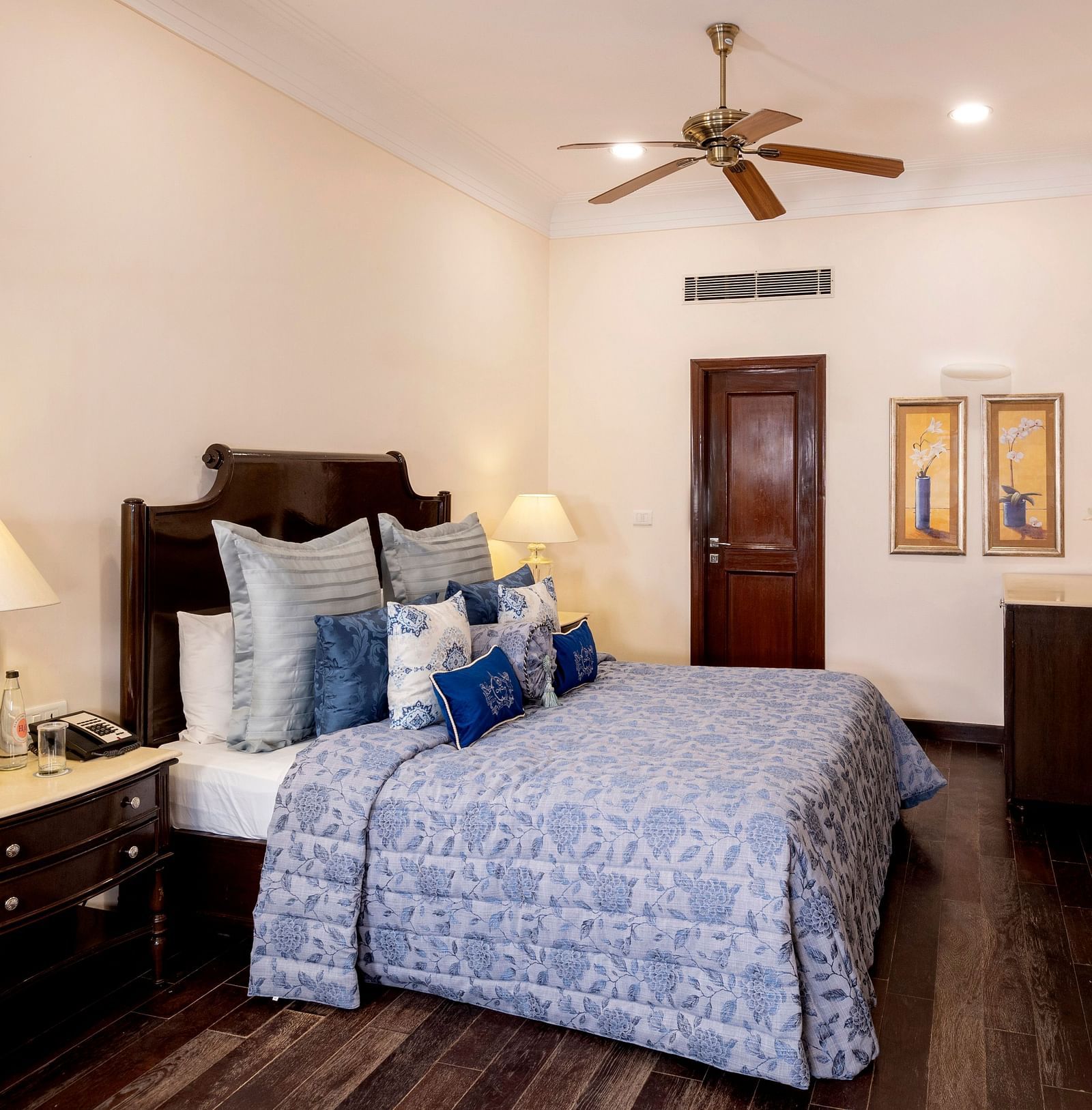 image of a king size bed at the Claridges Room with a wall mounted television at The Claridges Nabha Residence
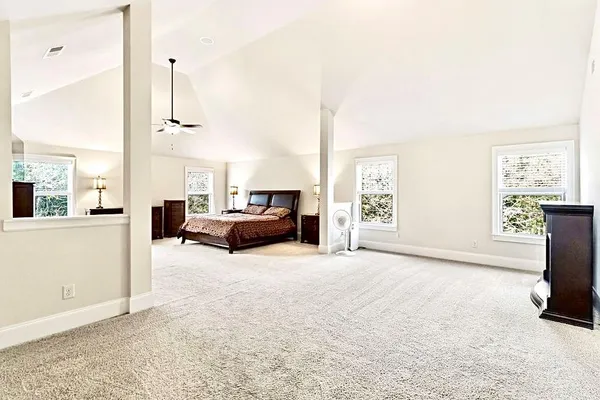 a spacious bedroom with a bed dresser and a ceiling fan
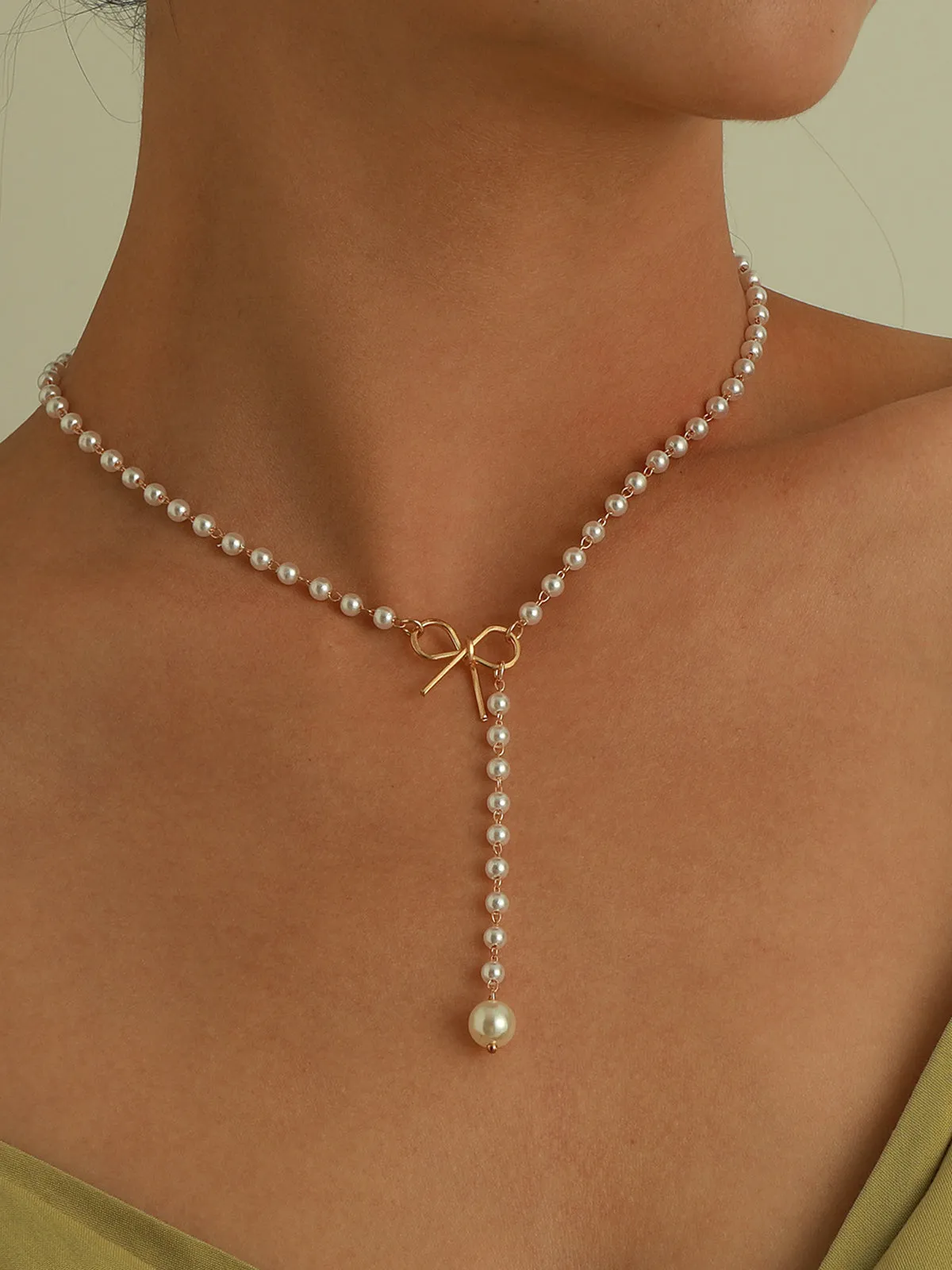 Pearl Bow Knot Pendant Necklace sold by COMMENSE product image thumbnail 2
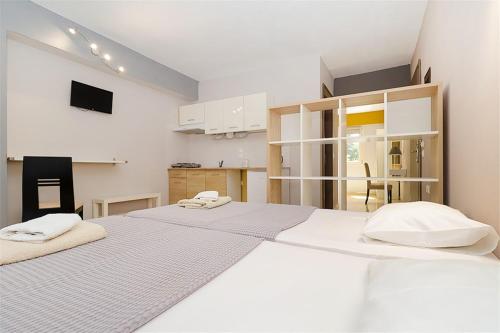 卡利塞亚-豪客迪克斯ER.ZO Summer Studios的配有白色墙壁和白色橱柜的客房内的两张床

__________________________________________________

Please give back the material above exactly as written, pictures omitted.

 image of a king size bed at the Claridges Room with a wall mounted television at The Claridges Nabha Residence
 a spacious bedroom with a bed dresser and a ceiling fan
 Pearl Bow Knot Pendant Necklace sold by COMMENSE product image thumbnail 2
 卡利塞亚-豪客迪克斯ER.ZO Summer Studios的配有白色墙壁和白色橱柜的客房内的两张床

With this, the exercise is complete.